▶ DATA FOR THIS TASK
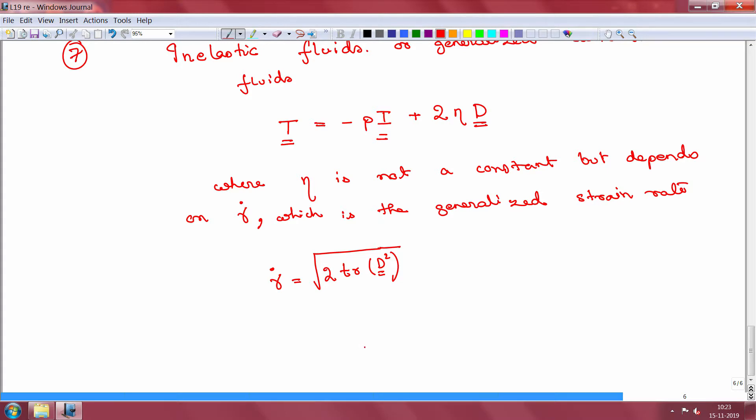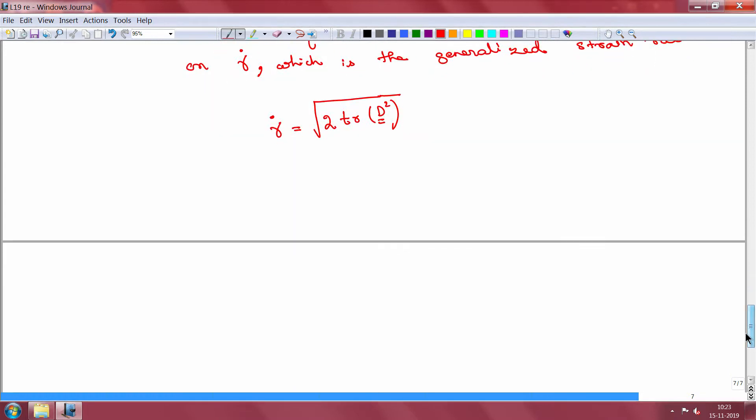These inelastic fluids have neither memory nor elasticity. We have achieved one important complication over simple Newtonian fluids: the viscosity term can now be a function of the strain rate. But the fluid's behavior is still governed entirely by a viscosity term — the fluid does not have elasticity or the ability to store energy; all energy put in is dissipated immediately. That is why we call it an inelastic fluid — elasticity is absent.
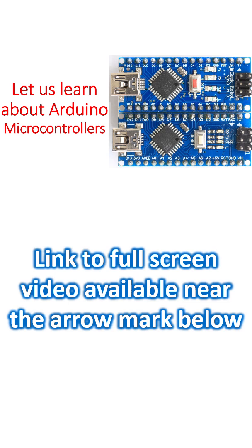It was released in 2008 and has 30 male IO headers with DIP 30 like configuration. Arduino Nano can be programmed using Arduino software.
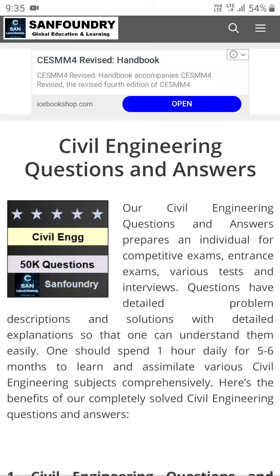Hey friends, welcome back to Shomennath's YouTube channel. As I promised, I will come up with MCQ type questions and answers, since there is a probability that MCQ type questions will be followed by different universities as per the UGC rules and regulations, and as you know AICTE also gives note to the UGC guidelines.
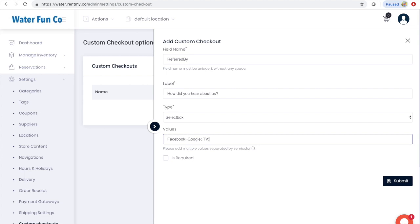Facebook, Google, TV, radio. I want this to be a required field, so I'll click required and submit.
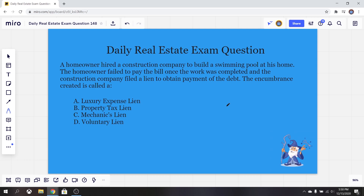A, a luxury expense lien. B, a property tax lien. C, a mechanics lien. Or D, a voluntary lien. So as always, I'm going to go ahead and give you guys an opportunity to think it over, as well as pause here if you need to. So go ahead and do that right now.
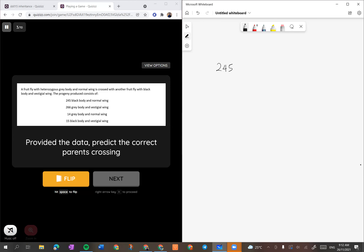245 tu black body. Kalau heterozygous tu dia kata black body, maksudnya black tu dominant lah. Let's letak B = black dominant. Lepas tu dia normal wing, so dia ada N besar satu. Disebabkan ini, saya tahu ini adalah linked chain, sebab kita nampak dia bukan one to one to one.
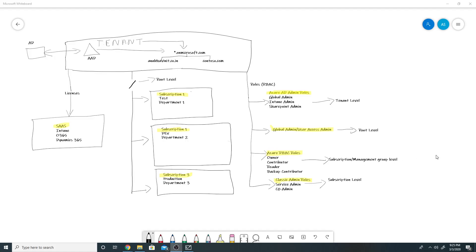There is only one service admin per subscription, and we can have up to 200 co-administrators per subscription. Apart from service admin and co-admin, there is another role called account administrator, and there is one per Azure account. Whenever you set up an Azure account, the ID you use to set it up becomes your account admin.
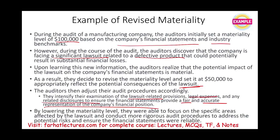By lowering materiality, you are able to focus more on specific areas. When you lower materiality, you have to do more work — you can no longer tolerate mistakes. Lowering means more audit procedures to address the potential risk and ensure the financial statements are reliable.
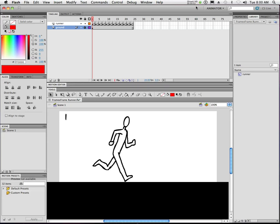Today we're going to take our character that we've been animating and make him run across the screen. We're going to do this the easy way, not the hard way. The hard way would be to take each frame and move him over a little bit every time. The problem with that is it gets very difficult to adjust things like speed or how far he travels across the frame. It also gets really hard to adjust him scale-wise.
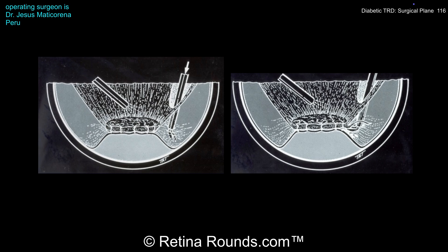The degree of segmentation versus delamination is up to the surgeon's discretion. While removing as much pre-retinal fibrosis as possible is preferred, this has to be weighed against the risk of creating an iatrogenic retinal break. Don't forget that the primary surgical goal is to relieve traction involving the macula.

▶ TO DO
Given the listing above, retype only the span of lines from the line with "A, a luxury" up to and including the line with "There is only", exactly as it stands and without pictures.

▶ REPLY
A, a luxury expense lien. B, a property tax lien. C, a mechanics lien. Or D, a voluntary lien. So as always, I'm going to go ahead and give you guys an opportunity to think it over, as well as pause here if you need to. So go ahead and do that right now.
245 tu black body. Kalau heterozygous tu dia kata black body, maksudnya black tu dominant lah. Let's letak B = black dominant. Lepas tu dia normal wing, so dia ada N besar satu. Disebabkan ini, saya tahu ini adalah linked chain, sebab kita nampak dia bukan one to one to one.
There is only one service admin per subscription, and we can have up to 200 co-administrators per subscription. Apart from service admin and co-admin, there is another role called account administrator, and there is one per Azure account. Whenever you set up an Azure account, the ID you use to set it up becomes your account admin.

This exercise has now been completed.